Sufficient, Necessary and Complete Causal Explanations in Image Classification

Imagine you have a very smart, but mysterious, robot that looks at pictures and guesses what they are. Sometimes it's right, sometimes it's wrong. You want to know: "How did the robot decide that?"

Most current tools try to answer this by highlighting the "important" parts of the picture, like a teacher circling key words in a textbook. But these tools are often guesswork—they don't have a strict mathematical proof that their answer is correct.

This paper introduces a new, super-rigorous way to explain the robot's brain. The authors, David Kelly and Hana Chockler, treat the image like a puzzle where every pixel is a piece. They want to find the exact pieces that must be there for the robot to make its decision, and the pieces that could be removed without changing the decision.

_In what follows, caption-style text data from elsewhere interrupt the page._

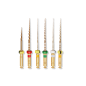 Limes MG3 NiTi Rotatives — Mise en Forme Canalaire Rotative Complète | DPE006
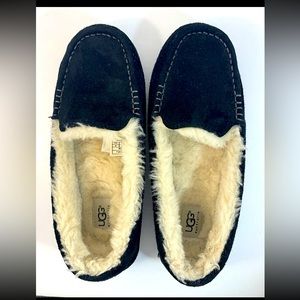 UGG Australia Ansley Slippers for Women Black Size 9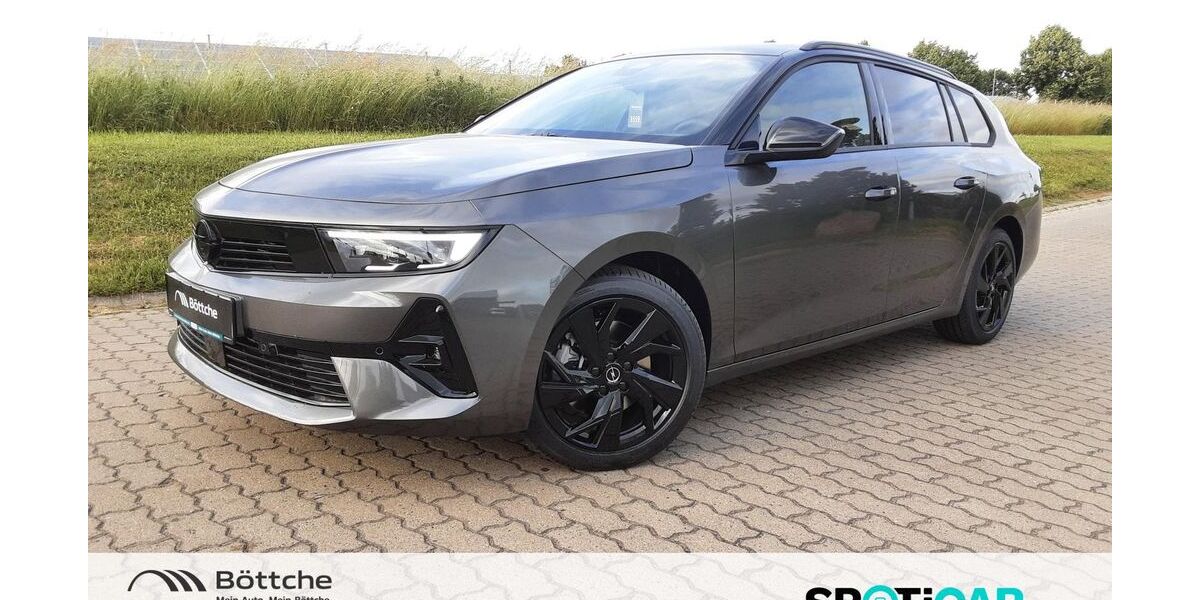 Opel Astra 19.418 km 28.990 &euro; Altentreptow 17087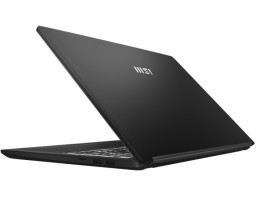 MSI Modern 15 B12M-215XRU Intel Core i3 1215U 1200MHz/15.6"/1920x1080/8GB/256GB SSD/DVD нет/Intel Iris Xe Graphics/Wi-Fi/Bluetooth/Без ОС (9S7-15H112-215) Black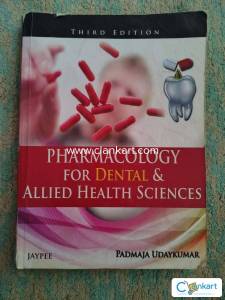 BDS books for second year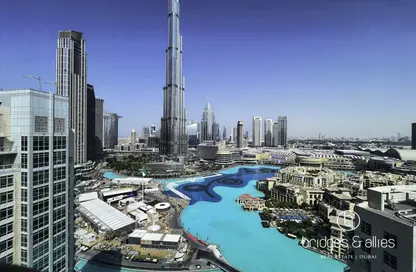 Apartment - 3 Bedrooms - 4 Bathrooms for rent in The Residences 5 - The Residences - Downtown Dubai - Dubai Apartment - 3 Bedrooms - 4 Bathrooms for rent in The Residences 5 - The Residences - Downtown Dubai - Dubai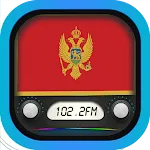 Radio Montenegro: Radio Online | Indus Appstore | App Icon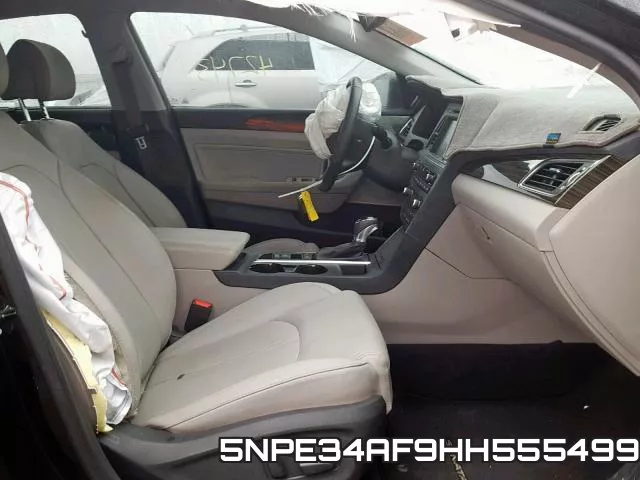 5NPE34AF9HH555499 фото 5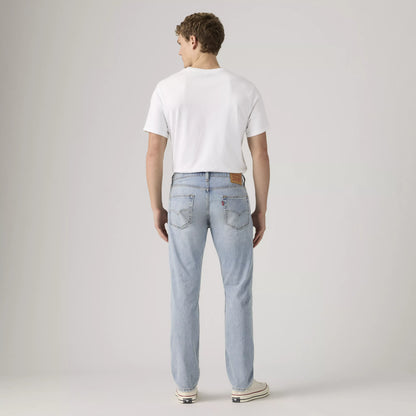 Levi's 502 Taper jeans uomo Iceberg Cool denim chiaro Levi's Flex tapered fit
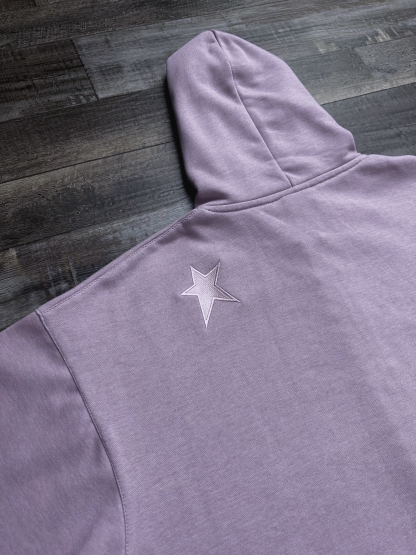 STAR PLATINUM ZIP-UP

Here is the breakdown of their new "Causal Explanation" method using simple analogies:

1. The Three Types of "Why"

The authors break down the explanation into three distinct categories, like sorting ingredients in a recipe:

Sufficient (The "Just Enough" Recipe):
Imagine you are baking a cake. If you have a tiny bowl of flour, sugar, and eggs, that might be enough to make a tiny cake. In the paper, a "Sufficient Explanation" is the smallest possible group of pixels that, if you kept them and erased the rest of the image, the robot would still say, "That's a ladybug!"
- Analogy: It's the minimum amount of fuel needed to start a fire.
Necessary (The "Can't Live Without" Ingredients):
Now, imagine you have the whole cake. If you take away the flour, the cake collapses. A "Necessary Explanation" is the set of pixels that must be there. If you remove even one of these, the robot changes its mind.
- Analogy: The flour in the cake. Without it, you don't have a cake.
Complete (The Perfect Balance):
This is the holy grail. A "Complete Explanation" is a group of pixels that is both Sufficient (it's enough to make the decision) and Necessary (you can't remove any of them without changing the decision).
- Analogy: It's the exact, perfect portion of ingredients. Not a drop more, not a drop less.

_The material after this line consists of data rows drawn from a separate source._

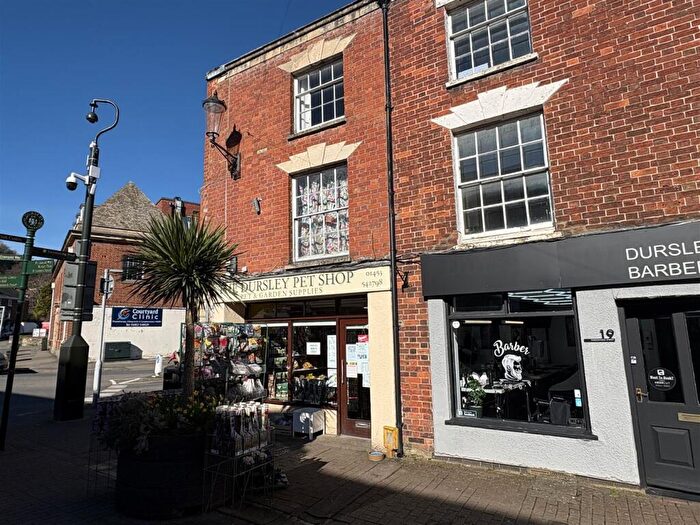 2 Bedroom Flat To Rent In Parsonage Street, Dursley, GL11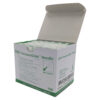 BD PrecisionGlide™ Needles Green 21g 1 1/2" 100 Per Box - Image 2
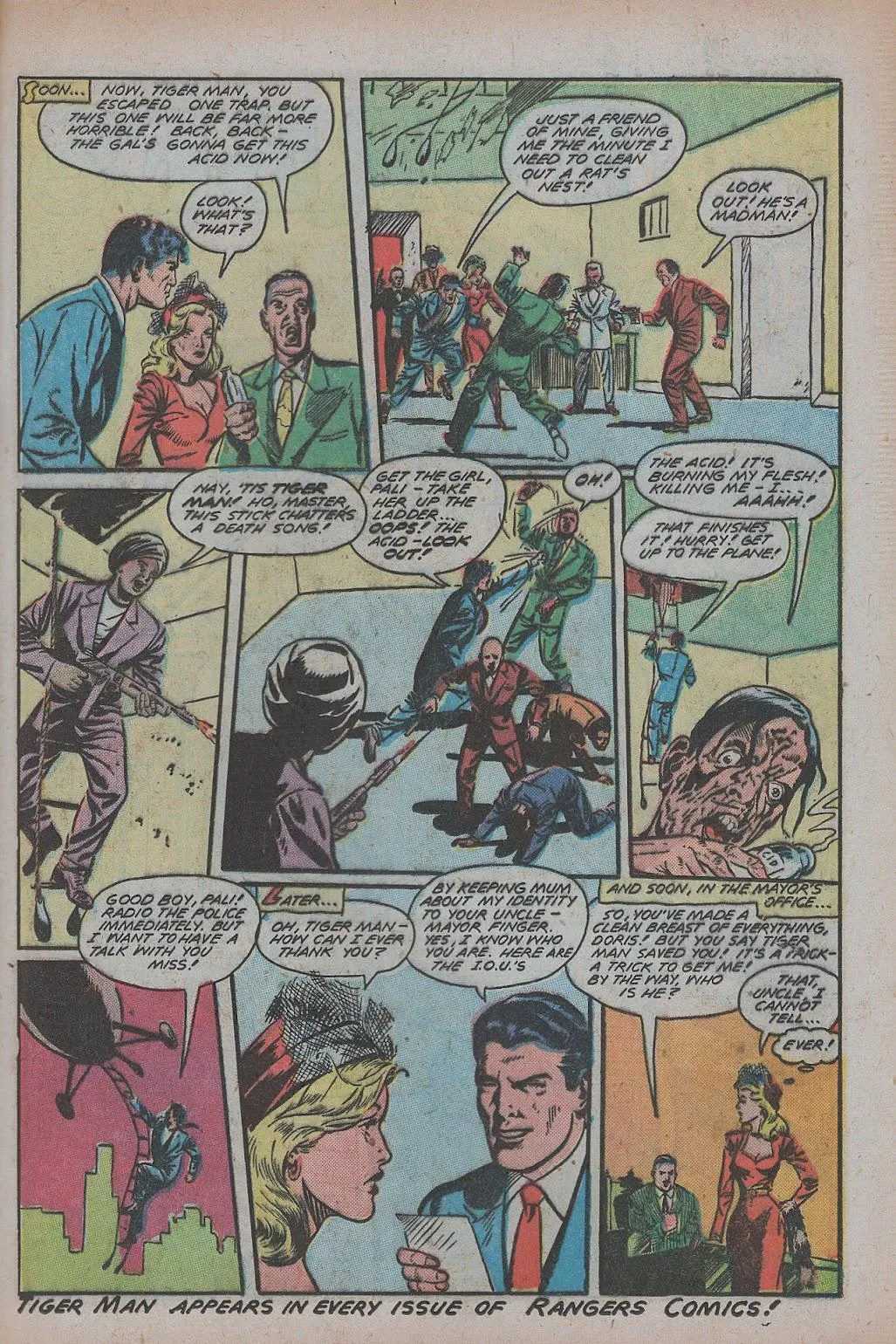 Rangers Comics #39 part 21
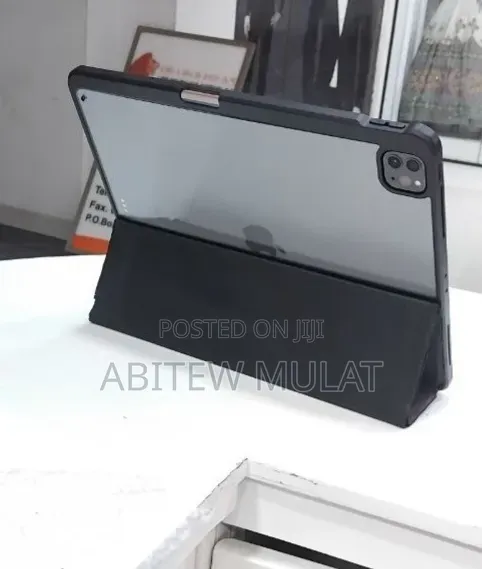 New Apple iPad Pro 12.9 (2020) 1 TB Silver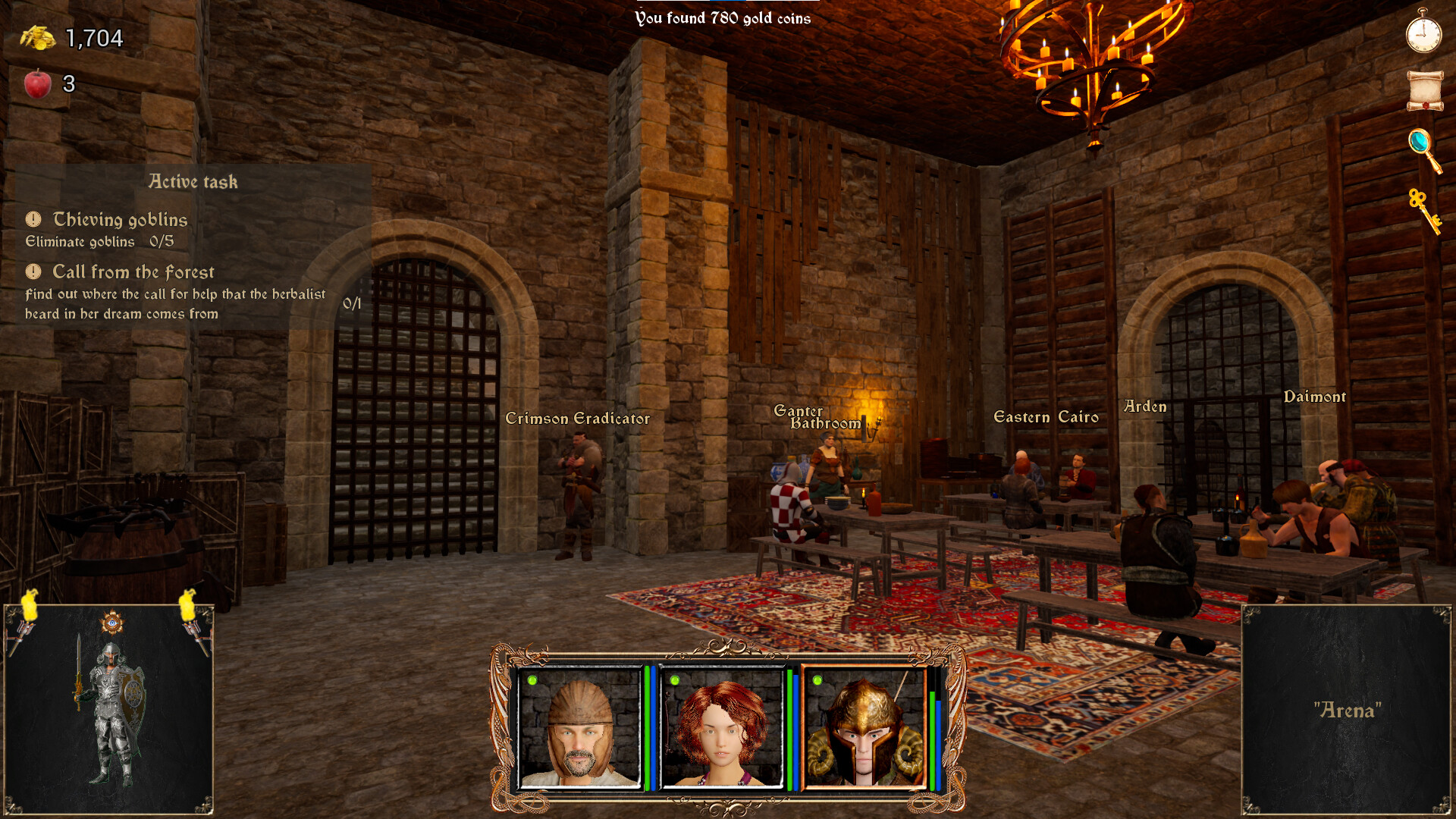 Strings of Fate XI: Magic dream Screenshot 31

2. The "Confidence" Twist (The Volume Knob)

The authors realized that just getting the right answer isn't enough; the robot needs to be confident in its answer.

The Problem: Sometimes, a tiny group of pixels is enough to make the robot say "Ladybug," but the robot is only 10% sure. It's a weak guess.
The Solution ( $\delta$ -Complete): They introduced a "confidence threshold." They ask: "Give me the smallest group of pixels that makes the robot say 'Ladybug' and be at least 80% sure."
The 1-Complete (The "Full Faith" Explanation): This is the ultimate goal. It finds the pixels needed to get the robot to be exactly as confident as it was when looking at the full, original photo.

3. The "Adjustment Pixels" (The Seasoning)

This is the most fascinating discovery. Sometimes, the "Complete" pixels get the robot to the right answer, but the confidence level is slightly off.

The Scenario: The robot looks at a picture of a sink. The "Complete" pixels (the faucet and basin) make it say "Sink," but the confidence drops a little.
The Adjustment: The robot needs a few extra pixels (maybe the reflection on the water or a specific shadow) to boost its confidence back up to the original level.
The Metaphor: Think of the "Complete" pixels as the main course of a meal. The "Adjustment Pixels" are the salt and pepper. They aren't the main dish, but without them, the flavor (confidence) isn't quite right.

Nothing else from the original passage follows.